(I can't see a thread on the following consultation)
Minister for Justice Alan Shatter has started a public consultation process on the future direction of legislation on prostitution.
New consultation on prostitution laws - RT News
The official press release is here:
The Department of Justice and Equality: Shatter Announces Publication of Discussion Document on the Future Direction of Legislation on Prostitution
The discussion document itself is here:
The Department of Justice and Equality: Discussion Document on Future Direction of Prostitution Legislation
The consultation has been welcomed by the Immigrant Council of Ireland:Discussion Document on Future Direction of Prostitution Legislation
I am pleased to publish this discussion document, which is being issued to assist a public consultation process on the future direction of legislation on prostitution.
The criminal law in this area is being reviewed primarily because of the changed nature of prostitution in Ireland. Prostitution in this country was once mainly a street-based phenomenon. That is no longer the case. The organisation of prostitution is now much more sophisticated, highly mobile and is easily facilitated by the use of mobile phones and the internet.
While there is a significant amount of criminal legislation in this area already, there is always scope for change and improvement. It is important to review the law periodically to ensure it is up to date and comprehensively responds to altered circumstances.
Discussion Document on Future Direction of Prostitution Legislation http://www.inis.gov.ie/en/JELR/Discu...egislation.pdf (Size - 329KB)
Broad welcome to news that prostitution laws will be reviewed - Newstalk.ie
They are one of the members of The Turn Off The Red Light campaign:
Who are we? | Turn Off The Red Light.ie
There are lots of women's and feminist groups involved in that campaign.
For some reason, Ruhama are not a member of that campaign.
Although it is rarely mentioned in the media, Ruhama was founded as a joint initiative of the Good Shepherd Sisters and Our Lady of Charity Sisters.Ruhama is a Dublin-based NGO which works on a national level with women affected by prostitution and other forms of commercial sexual exploitation.
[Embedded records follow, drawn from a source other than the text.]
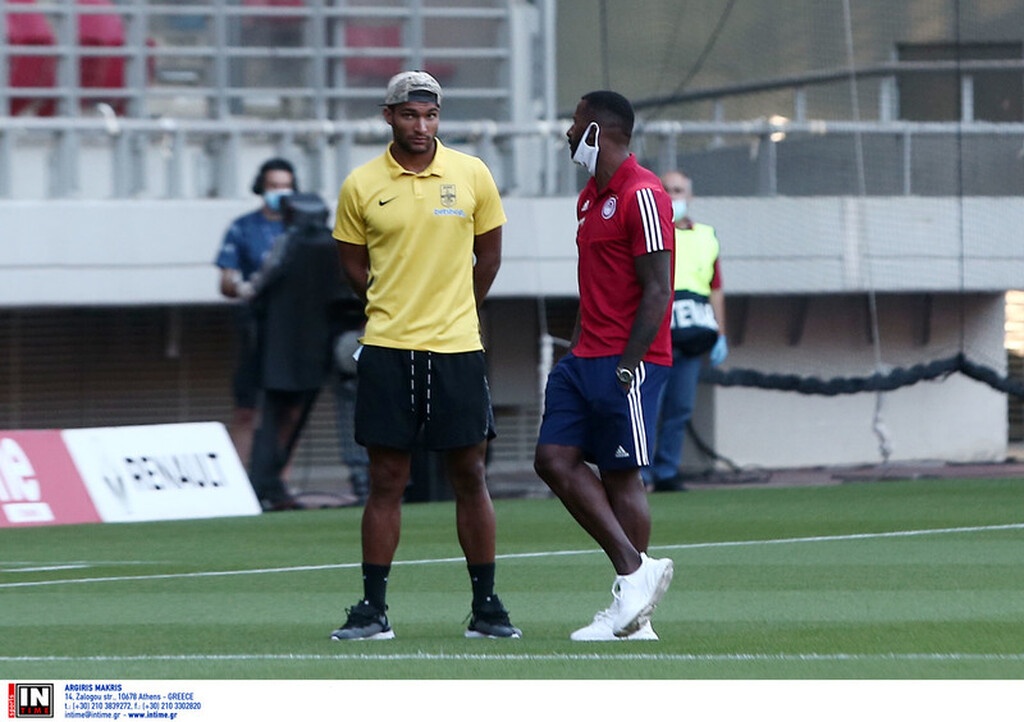 Ολυμπιακός: Με Σισέ στην ενδεκάδα (photos)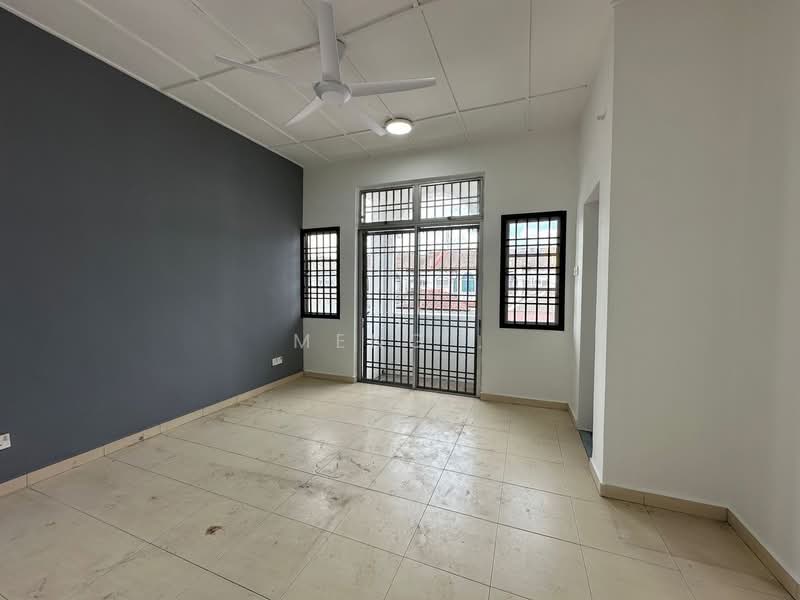 2-storey Terraced House for Sale in Iskandar Puteri (Nusajaya) (Johor) - Meng . - Living Room - PropertyGuru.com.my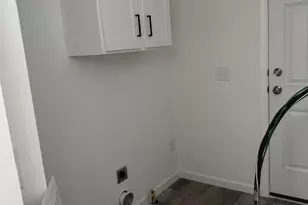 2661 Lake Breeze Dr, Madison, OH 44057 - Photo 11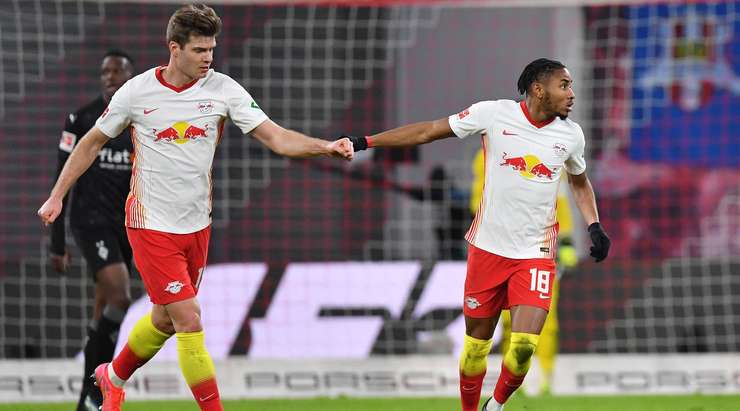 Christopher Nkunku (RB Leipzig) nhận một đường chuyền chuẩn xác trong vòng cấm từ Alexander Sorloth và anh đánh bại thủ môn với một cú sút làm tung nóc lưới cầu môn đối phương. Tỉ số là 1:2.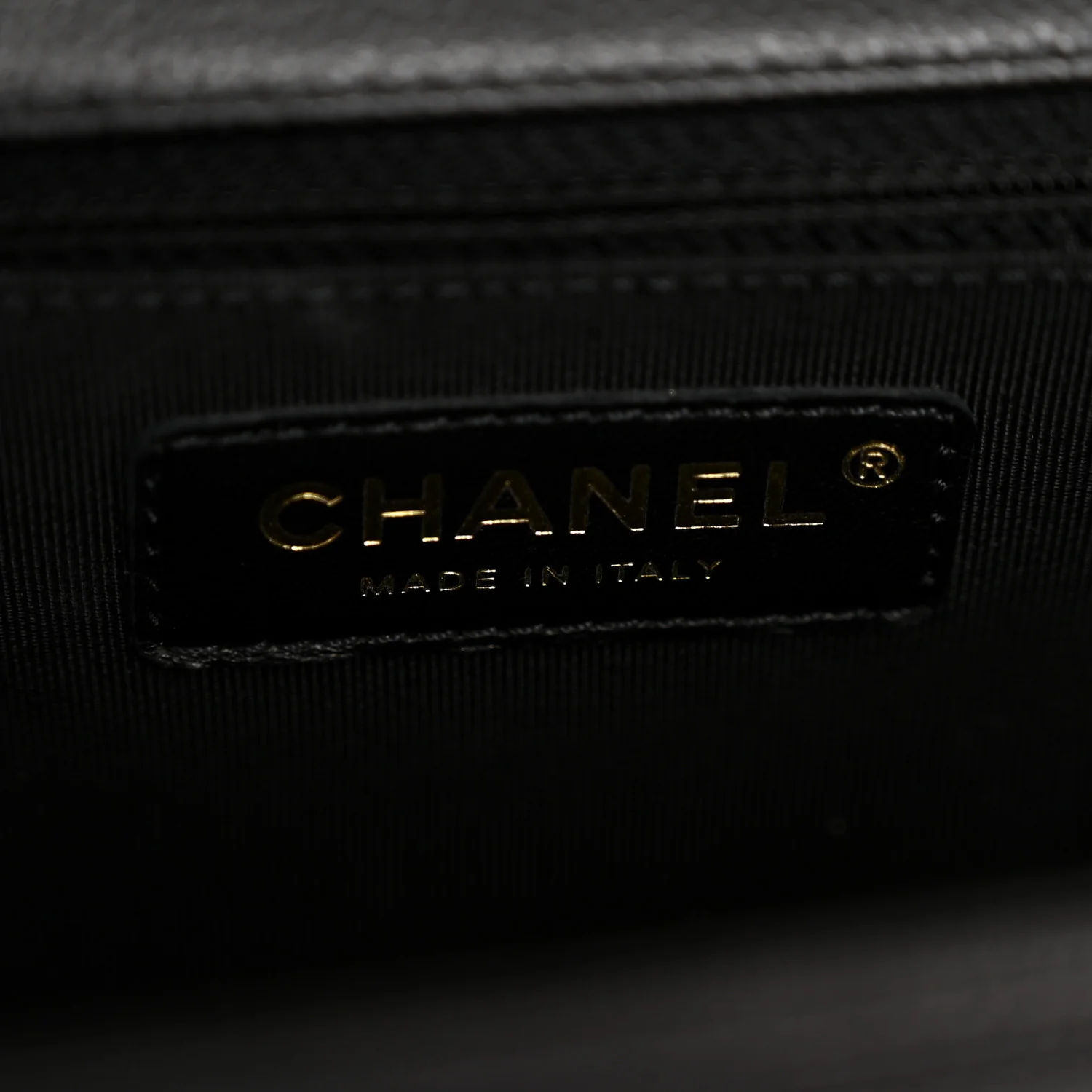 Caviar Quilted New Medium Boy Flap Black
Those two religious groups are still the Trustees.
An alternative view is given by the “Turn Off the Blue Light” website:
Turn Off The Blue Light | Sex workers need human rights, not legal wrongs
Some feminists do not hold this view that prostitution should be completing eradicated. For example, from what I can recall, they believe women should be allowed make their own decisions about their body.Welcome to the “Turn Off the Blue Light” (TOBL) website.
We are a sex worker led association campaigning against calls to criminalise the purchase of sex, and for the health, safety, human, civil and labour rights of sex workers in Ireland.
There is currently a “Turn Off the Red Light” (TORL) campaign being run by an alliance of organisations. They say they want to end prostitution and sex trafficking and ‘the solution’ is to criminalise the purchasers of sex. We believe the real agenda is to have their own ideology on sex work enacted as law. Further criminalisation would drive the sex industry deeper underground and make it more dangerous for everyone. Our priority is the well being of persons in sex work, not any moral agenda, thus we strongly oppose the TORL campaign. The opposition | Turn Off The Blue Light
We are an association of Irish sex workers and others with an interest in the welfare of sex workers in Ireland. We are led by sex workers. Membership of Turn Off the Blue Light is open to all individuals and organisations who support our objectives, but only those working in the sex industry are voting members. About | Turn Off The Blue Light
At this current time the threat of further criminalisation is imminent, and we need sex workers to be included in this debate, not excluded, as is currently the case. Whatever your views on sex work are, it is not right that sex workers are being denied a voice in discussions on laws that will seriously impact our lives.
It will be interesting to see what happens in the consultation and afterwards.
I'm not sure there are many politicians who be willing to support some models of prostitution that exist in other countries e.g. tolerance zones, or what happens in Germany, where prostitution is legal (according to: Prostitution in Germany - Wikipedia, the free encyclopedia). I have heard of some councils in the UK facilitating disabled people use prostitutes (I think in the Netherlands).
I believe it is likely the Swedish model will be adopted. This model means the purchasers of sex are criminalised, but the suppliers are not. This seems an unfair way to do things. However, I'm not sure if many politicians will be willing to challenge the model.
[BTW, I have never used a prostitute (or similar services).]